| AIM OF THE EXERCISE |
In the records below, find the line that contains "Затирочная машина по" and the line that contains "Modern Table Lamp", then retype exactly those two lines and every line between them.

=======

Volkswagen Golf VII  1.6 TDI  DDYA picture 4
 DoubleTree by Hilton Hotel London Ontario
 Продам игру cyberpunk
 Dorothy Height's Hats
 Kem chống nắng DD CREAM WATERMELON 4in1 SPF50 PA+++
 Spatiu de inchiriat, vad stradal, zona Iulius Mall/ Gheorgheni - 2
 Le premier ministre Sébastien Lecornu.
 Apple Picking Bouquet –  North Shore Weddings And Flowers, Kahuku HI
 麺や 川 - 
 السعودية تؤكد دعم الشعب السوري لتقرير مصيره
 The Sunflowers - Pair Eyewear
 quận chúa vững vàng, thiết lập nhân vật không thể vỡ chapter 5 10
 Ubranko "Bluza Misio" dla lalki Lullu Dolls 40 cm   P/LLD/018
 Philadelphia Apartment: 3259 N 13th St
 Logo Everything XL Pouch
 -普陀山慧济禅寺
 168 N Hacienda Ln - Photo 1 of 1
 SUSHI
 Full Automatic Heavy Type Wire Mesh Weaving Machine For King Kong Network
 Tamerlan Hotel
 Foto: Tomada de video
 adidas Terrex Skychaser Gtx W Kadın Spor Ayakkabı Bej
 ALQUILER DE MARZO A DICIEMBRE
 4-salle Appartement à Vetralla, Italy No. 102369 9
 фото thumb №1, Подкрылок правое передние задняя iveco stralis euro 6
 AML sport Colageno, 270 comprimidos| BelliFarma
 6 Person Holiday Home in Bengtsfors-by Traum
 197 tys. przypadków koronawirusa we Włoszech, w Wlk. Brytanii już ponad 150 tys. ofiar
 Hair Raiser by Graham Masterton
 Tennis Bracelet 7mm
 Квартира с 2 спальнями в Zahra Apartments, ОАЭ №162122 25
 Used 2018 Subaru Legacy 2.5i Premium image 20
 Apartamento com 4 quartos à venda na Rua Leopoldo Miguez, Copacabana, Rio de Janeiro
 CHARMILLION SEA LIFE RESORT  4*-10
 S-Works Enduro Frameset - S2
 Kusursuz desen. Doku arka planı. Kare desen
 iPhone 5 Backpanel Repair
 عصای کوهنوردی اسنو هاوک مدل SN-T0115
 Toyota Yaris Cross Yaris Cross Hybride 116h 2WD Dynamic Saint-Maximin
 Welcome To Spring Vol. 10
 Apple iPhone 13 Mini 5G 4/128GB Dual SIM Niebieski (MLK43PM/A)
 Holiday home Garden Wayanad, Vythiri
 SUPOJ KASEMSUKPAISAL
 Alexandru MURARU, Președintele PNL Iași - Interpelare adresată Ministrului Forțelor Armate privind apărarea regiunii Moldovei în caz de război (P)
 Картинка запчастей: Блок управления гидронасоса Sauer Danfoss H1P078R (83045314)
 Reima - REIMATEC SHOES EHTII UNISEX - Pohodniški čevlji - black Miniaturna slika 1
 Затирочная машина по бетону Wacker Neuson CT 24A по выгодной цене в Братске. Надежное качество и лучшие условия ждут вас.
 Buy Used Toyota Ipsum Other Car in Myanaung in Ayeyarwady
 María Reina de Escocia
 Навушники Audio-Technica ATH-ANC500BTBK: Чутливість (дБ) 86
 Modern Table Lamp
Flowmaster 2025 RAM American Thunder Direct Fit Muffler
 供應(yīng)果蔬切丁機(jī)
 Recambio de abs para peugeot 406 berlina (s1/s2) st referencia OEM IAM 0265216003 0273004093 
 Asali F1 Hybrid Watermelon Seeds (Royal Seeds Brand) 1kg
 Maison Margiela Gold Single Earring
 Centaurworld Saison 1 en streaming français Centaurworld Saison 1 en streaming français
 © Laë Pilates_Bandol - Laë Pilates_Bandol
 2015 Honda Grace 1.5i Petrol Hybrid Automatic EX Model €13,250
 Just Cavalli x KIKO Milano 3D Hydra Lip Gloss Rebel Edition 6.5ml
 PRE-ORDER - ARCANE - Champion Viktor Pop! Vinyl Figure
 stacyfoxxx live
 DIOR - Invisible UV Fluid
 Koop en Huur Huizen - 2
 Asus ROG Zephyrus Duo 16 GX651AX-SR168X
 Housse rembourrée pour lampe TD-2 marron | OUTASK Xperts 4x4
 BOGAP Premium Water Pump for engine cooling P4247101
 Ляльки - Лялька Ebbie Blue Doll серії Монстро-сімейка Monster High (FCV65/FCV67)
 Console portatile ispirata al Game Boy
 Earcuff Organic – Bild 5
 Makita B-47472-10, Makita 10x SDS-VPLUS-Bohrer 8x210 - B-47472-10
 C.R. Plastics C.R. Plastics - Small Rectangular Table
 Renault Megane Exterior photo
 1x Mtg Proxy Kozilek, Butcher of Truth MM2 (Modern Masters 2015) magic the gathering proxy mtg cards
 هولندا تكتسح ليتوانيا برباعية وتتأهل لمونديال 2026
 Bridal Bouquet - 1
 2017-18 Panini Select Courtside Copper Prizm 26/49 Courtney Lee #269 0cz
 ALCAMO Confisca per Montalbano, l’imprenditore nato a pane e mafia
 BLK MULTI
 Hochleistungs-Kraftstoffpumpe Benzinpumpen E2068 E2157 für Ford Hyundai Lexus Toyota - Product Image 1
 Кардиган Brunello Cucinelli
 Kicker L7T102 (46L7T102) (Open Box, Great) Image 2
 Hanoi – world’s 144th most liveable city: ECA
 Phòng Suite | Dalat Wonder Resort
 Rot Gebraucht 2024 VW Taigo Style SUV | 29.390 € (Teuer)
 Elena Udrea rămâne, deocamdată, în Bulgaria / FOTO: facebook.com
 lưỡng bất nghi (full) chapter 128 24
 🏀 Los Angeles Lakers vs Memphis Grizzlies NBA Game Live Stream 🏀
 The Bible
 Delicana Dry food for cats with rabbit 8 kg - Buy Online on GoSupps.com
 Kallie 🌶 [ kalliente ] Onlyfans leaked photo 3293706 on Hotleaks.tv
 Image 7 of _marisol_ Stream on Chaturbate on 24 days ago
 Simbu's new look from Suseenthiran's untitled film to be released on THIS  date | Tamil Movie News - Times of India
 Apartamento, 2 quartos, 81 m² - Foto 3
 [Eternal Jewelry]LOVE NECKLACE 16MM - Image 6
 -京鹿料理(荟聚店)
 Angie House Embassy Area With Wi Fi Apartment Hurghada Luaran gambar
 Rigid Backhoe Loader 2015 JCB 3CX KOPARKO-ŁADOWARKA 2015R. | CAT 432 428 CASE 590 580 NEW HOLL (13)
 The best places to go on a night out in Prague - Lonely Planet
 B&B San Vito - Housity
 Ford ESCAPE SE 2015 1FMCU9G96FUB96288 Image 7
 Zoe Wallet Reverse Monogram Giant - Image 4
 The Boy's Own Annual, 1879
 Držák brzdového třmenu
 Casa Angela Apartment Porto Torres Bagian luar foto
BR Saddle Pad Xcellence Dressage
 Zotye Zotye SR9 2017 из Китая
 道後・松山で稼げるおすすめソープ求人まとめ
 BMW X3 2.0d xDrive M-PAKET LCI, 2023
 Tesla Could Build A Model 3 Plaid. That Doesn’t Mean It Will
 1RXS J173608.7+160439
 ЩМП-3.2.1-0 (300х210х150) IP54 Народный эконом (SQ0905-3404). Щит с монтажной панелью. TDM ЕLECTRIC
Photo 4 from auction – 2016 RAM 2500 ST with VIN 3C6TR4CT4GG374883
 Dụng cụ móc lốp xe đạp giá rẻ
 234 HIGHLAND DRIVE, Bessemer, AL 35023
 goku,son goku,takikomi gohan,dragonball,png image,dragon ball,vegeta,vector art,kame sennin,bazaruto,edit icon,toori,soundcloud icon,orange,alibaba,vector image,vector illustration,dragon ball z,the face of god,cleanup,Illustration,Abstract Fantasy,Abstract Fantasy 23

=======

| ANSWER TO THE EXERCISE |
 Затирочная машина по бетону Wacker Neuson CT 24A по выгодной цене в Братске. Надежное качество и лучшие условия ждут вас.
 Buy Used Toyota Ipsum Other Car in Myanaung in Ayeyarwady
 María Reina de Escocia
 Навушники Audio-Technica ATH-ANC500BTBK: Чутливість (дБ) 86
 Modern Table Lamp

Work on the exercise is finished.